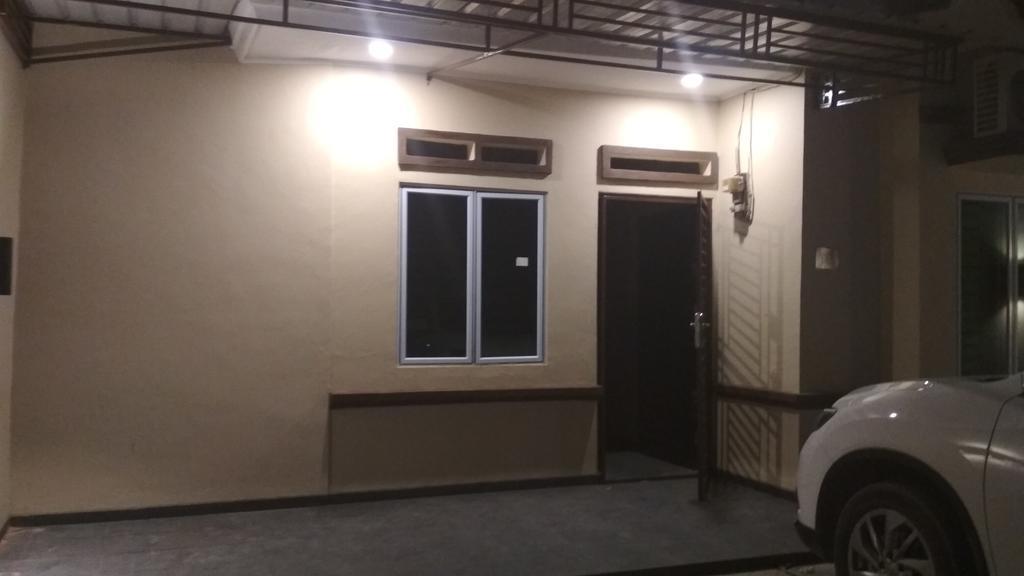 Sleeprest - Plamo Garden Hotel Batam Eksteriør billede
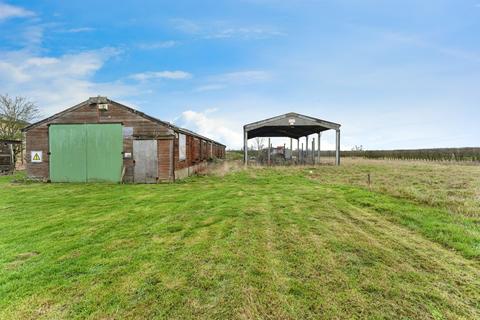 undefined, Eastwood End, Wimblington, March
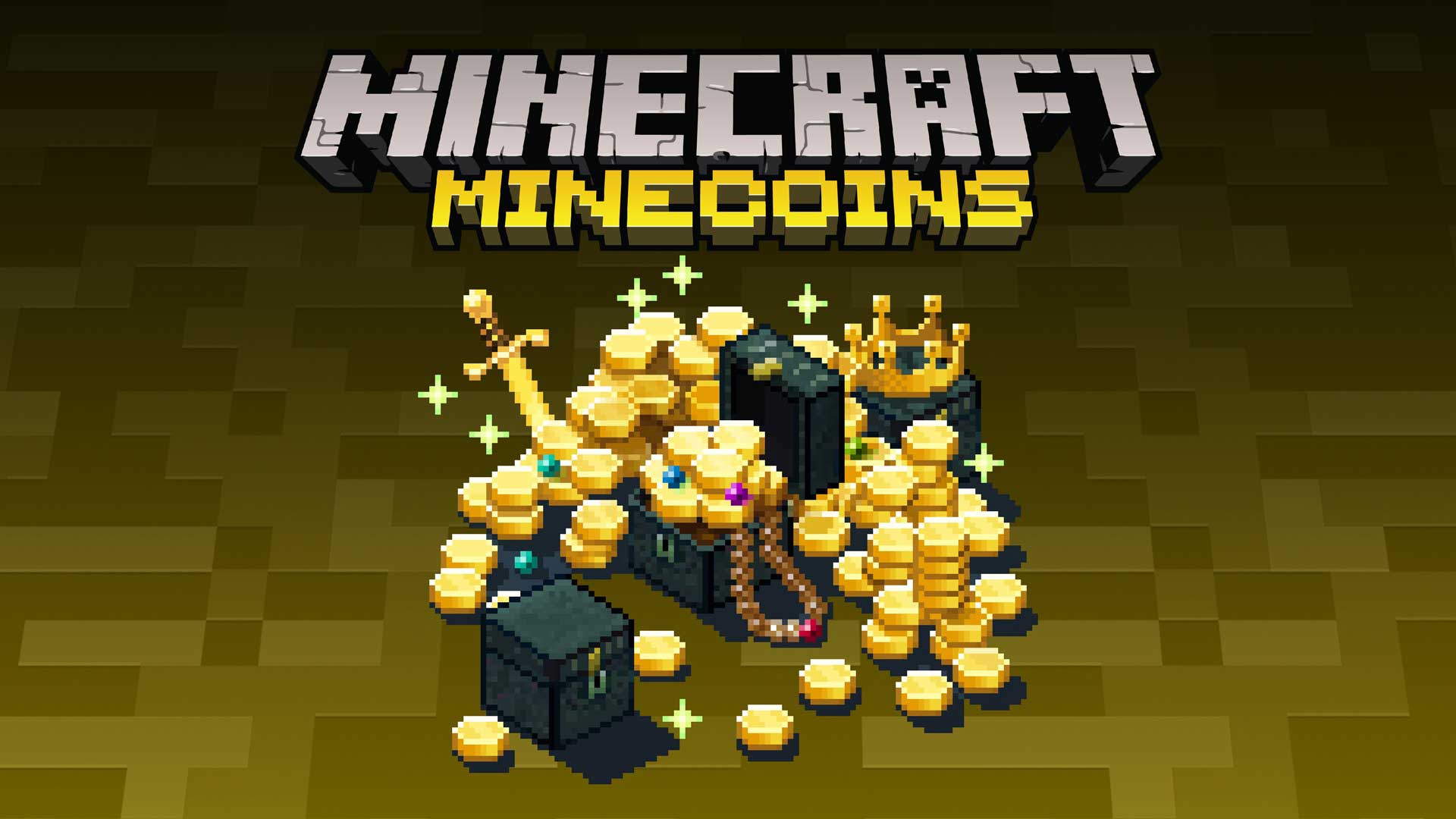 Minecraft Coins, Issa Vibe Games, issavibegames.com
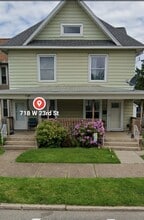 Building Photo - 718 W 23rd St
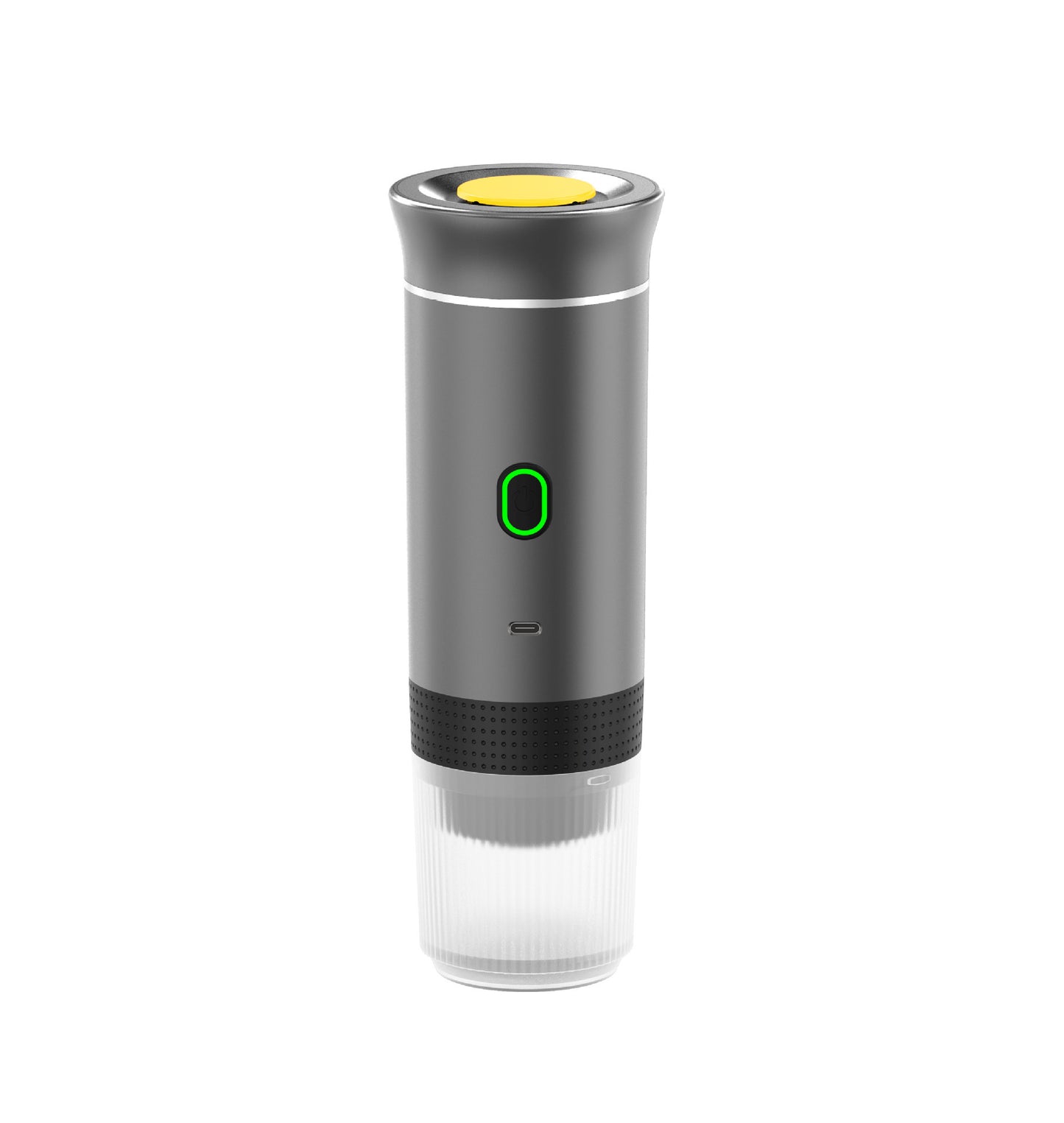 GoPress™ Coffee Maker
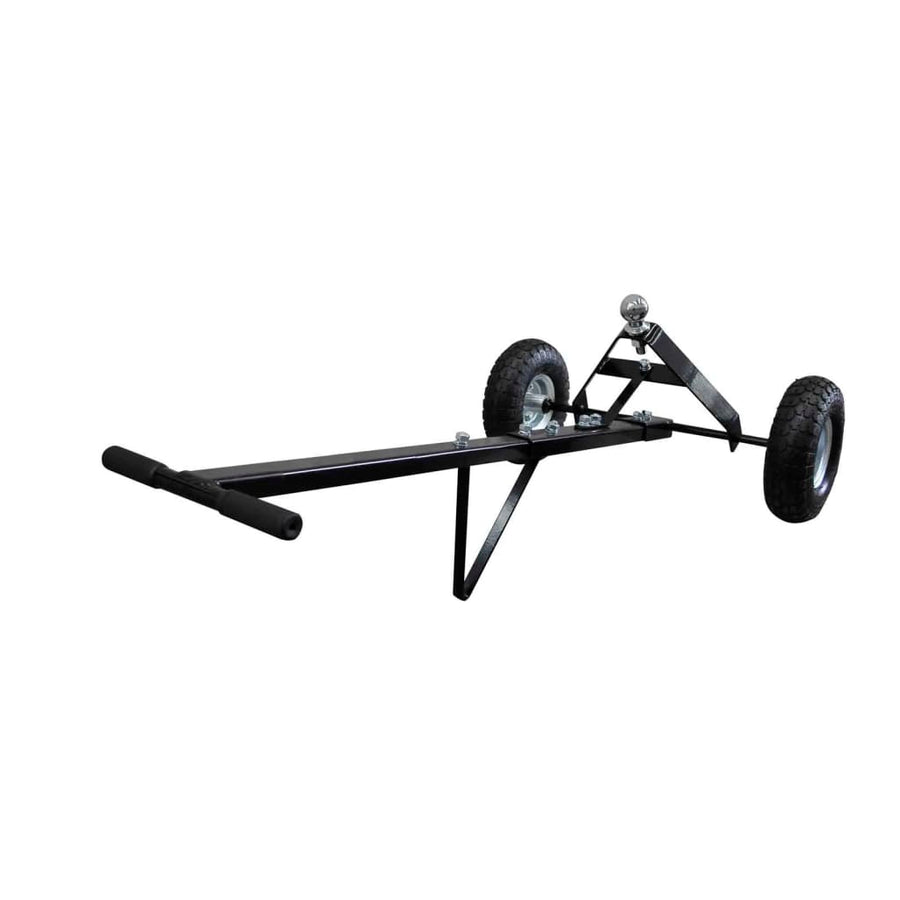 Handtrailer 275Kg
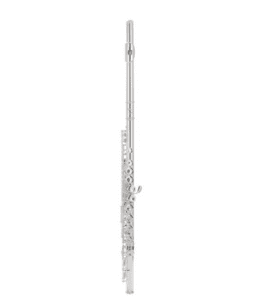 Classic Cantabile FL-100 Querflöte – Ideale Flöte für Einsteiger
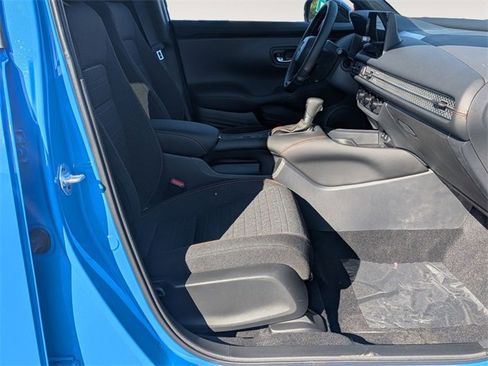 New 2026 Honda HR-V Sport image 30
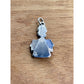 James Avery Retired RARE Sterling Silver Signing Choir Charm
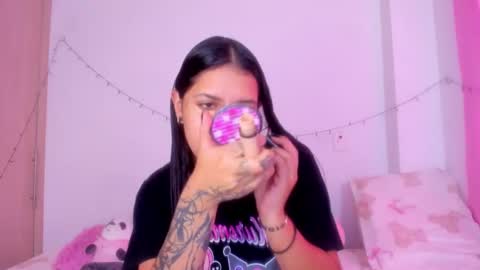 abby_rousee online show from November 1, 1:37 pm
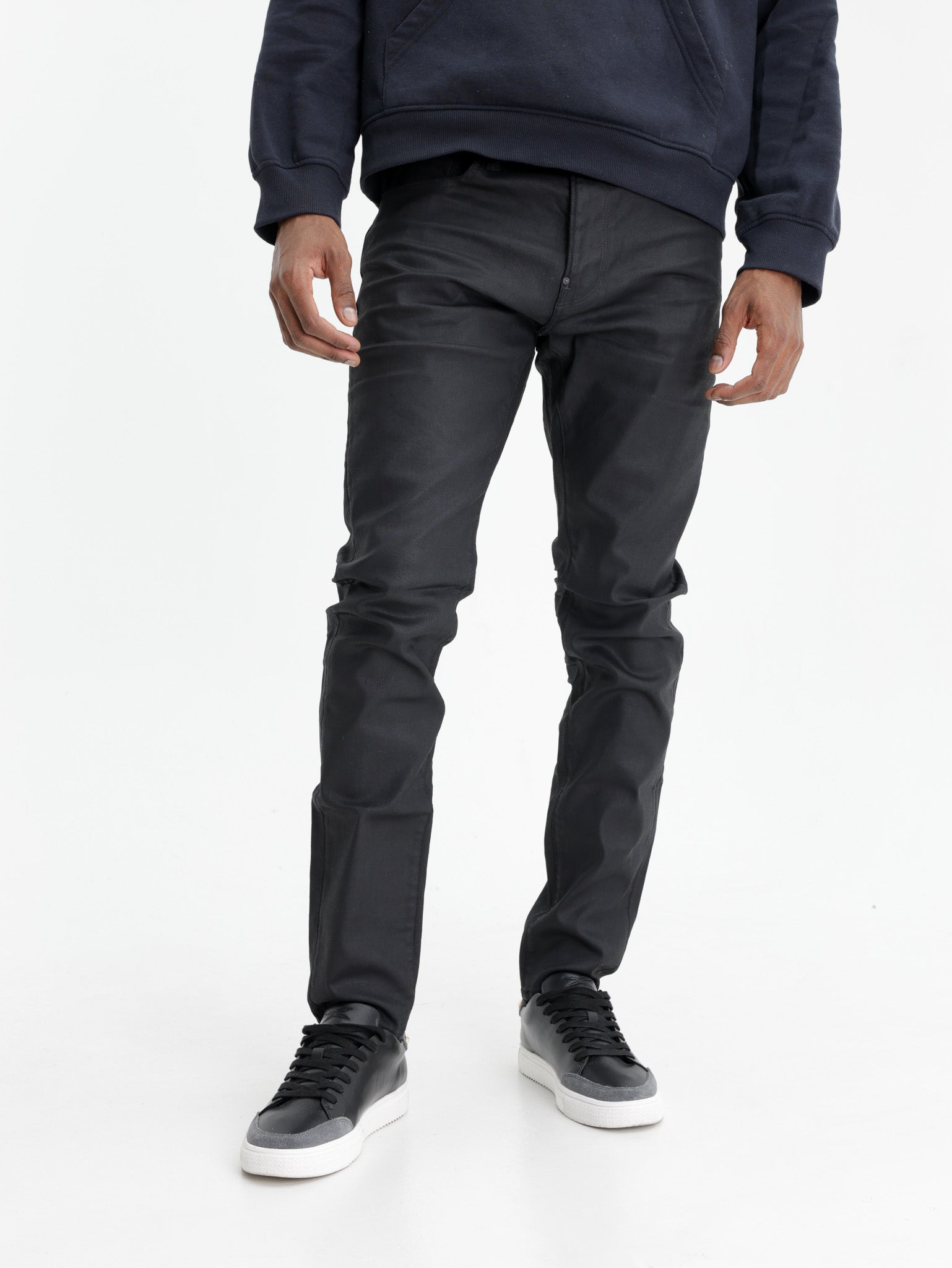 G-Star Jeans Revend Skinny 3D Dark Aged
-*-
:: YOUR GOAL ::
Could you output every record above exactly as written, leaving out the pictures?

:: ANSWER TO THIS PROBLEM ::
 Sleeprest - Plamo Garden Hotel Batam Eksteriør billede
 undefined, Eastwood End, Wimblington, March
 Minecraft Coins, Issa Vibe Games, issavibegames.com
 Building Photo - 718 W 23rd St
 GoPress™ Coffee Maker
 Handtrailer 275Kg
 Classic Cantabile FL-100 Querflöte – Ideale Flöte für Einsteiger
 New 2026 Honda HR-V Sport image 30
 James Avery Retired RARE Sterling Silver Signing Choir Charm
 abby_rousee online show from November 1, 1:37 pm
 G-Star Jeans Revend Skinny 3D Dark Aged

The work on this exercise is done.